Kim, known for his ability to write a big check as chairman of South Korea’s largest buyout firm, sensed it could be the news he’d been eagerly anticipating for three weeks. During that period, ING, which was seeking to sell its Korean unit, ING Life Korea, had been locked in exclusive talks with the highest bidder, a local rival of MBK.

But Kim knew that many local PE firms, struggling to attract big investors, had limited capital. Foreign firms with deep pockets, meanwhile, were barred from buying a financial institution under Korean law. That left MBK, Kim figured, as the only realistic suitor for Korea’s No. 5 life insurer.

He paused for a moment. Then instead of jumping and saying yes, he replied to Koster: “At a dinner. Call tomorrow a.m.?”

The ING executive wrote back almost instantly: “Can you step out for a minute or 2?”

Kim asked Koster to call in five minutes or so. Koster did, wanting to know one last time whether Kim would consider raising his offer from the original $1.7 billion, Kim recalls.

“No,” Kim said.

‘Trustworthy Counterparty’
Kim, a 51-year-old Korean-American who oozes the languid confidence of a man fully aware of his own worth, ended up getting the deal at his original bidding price after a month of negotiations.

Koster, now CEO of AXA Belgium SA, says he found Kim to be a “tough, reliable and trustworthy counterparty who knows what he wants.”

The ING deal turned out to be one of his smartest investments. It showed how his negotiating skills and his dominant position—as head of a Korea-registered firm backed by sovereign wealth and pension funds—propelled MBK’s remarkable rise during the past decade from a start-up to the largest independent PE firm in North Asia, with more than $8 billion under management.

Today, MBK—which stands for Michael ByungJu Kim, his full name—is the only major buyout fund in the world that exclusively focuses on Greater China, South Korea and Japan.

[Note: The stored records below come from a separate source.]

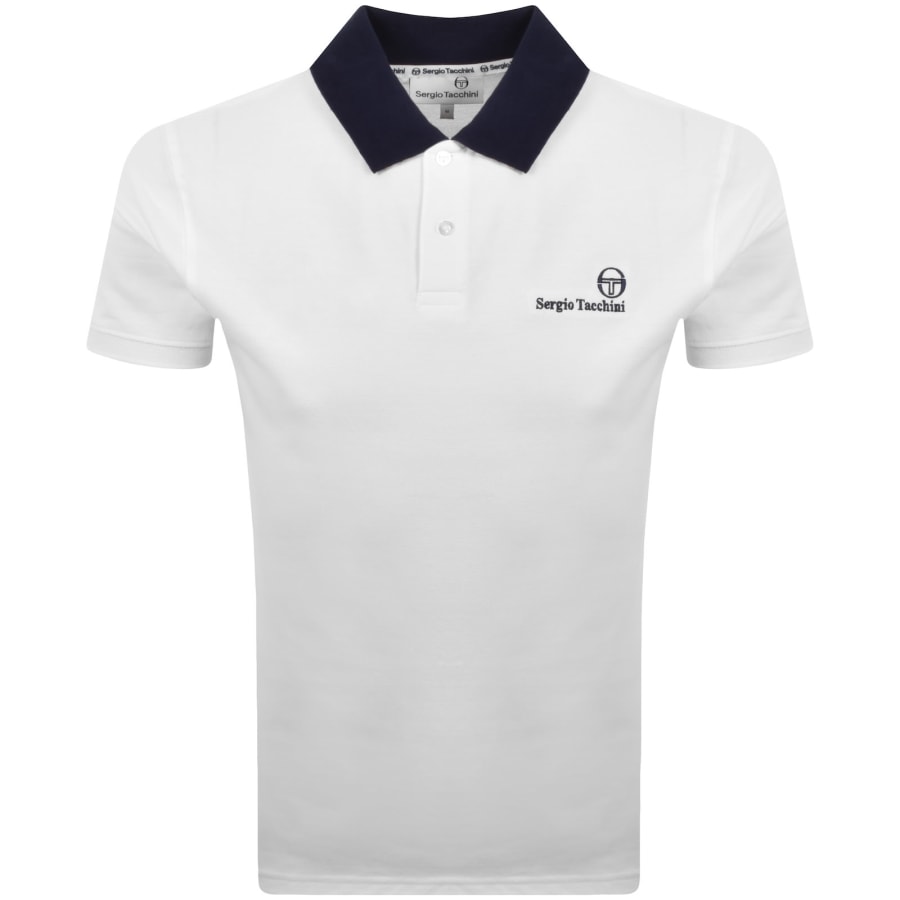 Image number 1 for Sergio Tacchini Bondi Polo T Shirt White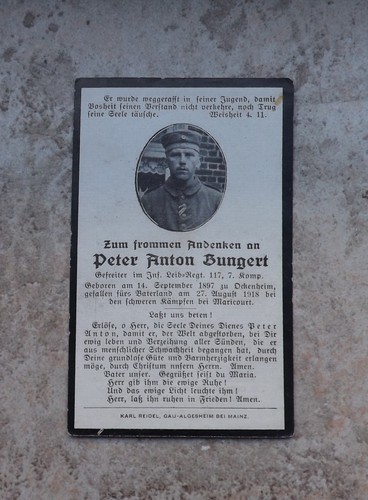 Sterbebild ww 1 - sterbebild,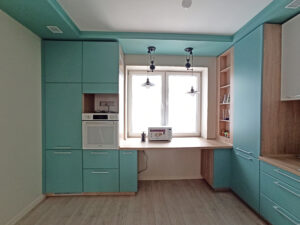 Кухня голубого цвета цена Кухни Калининград купить кухню в Калининграде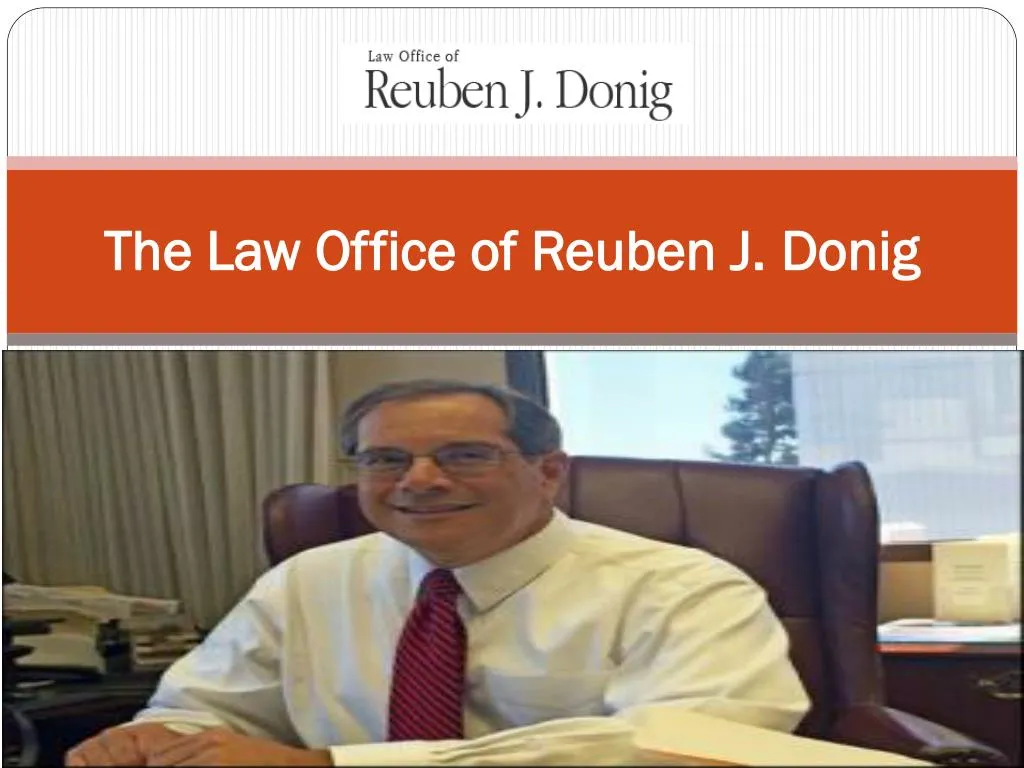 the law office of reuben j donig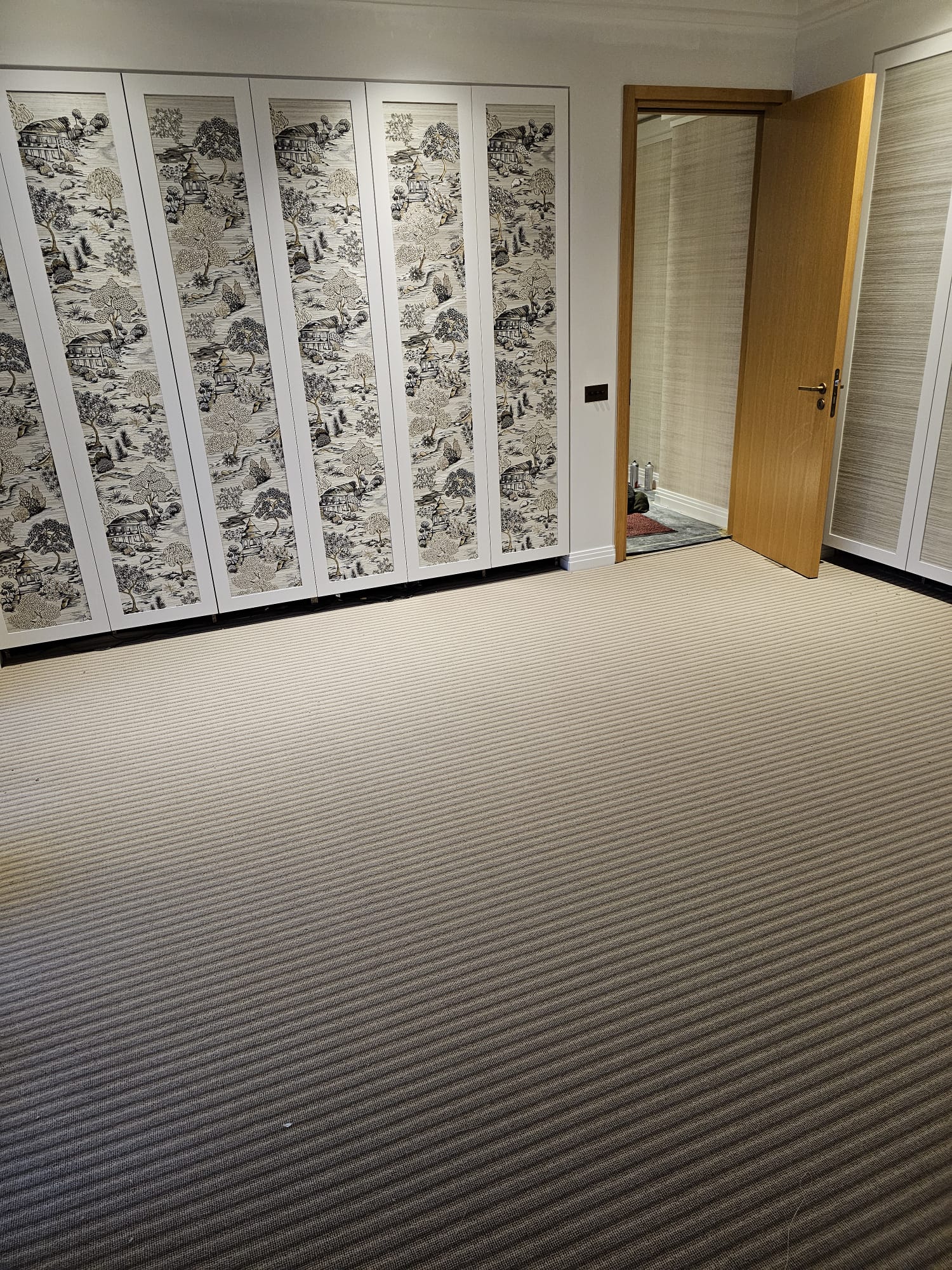 Hugh Mackay Carpets Deco Stripe Hampstead installation in Docklands-0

Kim has presided over a surge of PE in Korea, which tops Bloomberg Markets’ fourth annual ranking of the most-promising emerging economies.

Growth in gross domestic product, aided by central bank interest-rate cuts and a 46 trillion won ($42 billion) stimulus package, is forecast by the Ministry of Strategy and Finance to hit 3.8% in 2015, up from an estimated 3.4% in 2014.

MBK has led the PE pack since the Korean regulator loosened requirements in December 2004, effectively eliminating capital gains taxes for such firms.

Since then, the number of private-equity firms registered with the Financial Supervisory Service has soared to 271 from 15. They had a record 49 trillion won of capital under management at the end of 2014, up from 4.7 trillion won at the end of 2005.

Under Pressure
After an uninterrupted winning streak, Kim has hit a snag. After seven years of investment, MBK is under pressure to sell C&M Co., a Seoul-based cable TV service provider that the fund and its partner acquired for $2.35 billion in 2008 and subsequently expanded by buying another firm.

Adding to Kim’s troubles, more than 100 former C&M subcontract workers were on strike for five months until December 31, when their labor union accepted C&M’s proposal to have them re-employed by other subcontractors.

Two of the strikers garnered Kim unwanted publicity, dramatizing their grievances by stationing themselves atop a 20- meter-high (66-foot-high) billboard for seven weeks outside the Seoul Financial Center, in which MBK’s office is located.

“All eyes are on MBK’s exit of C&M now,” says Lee Jae Woo, chairman of the Korea Private Equity Association and a co- founder of Vogo Investment, a Seoul-based PE firm. “But people need to look at the fund’s overall performance holistically, not one single investment.”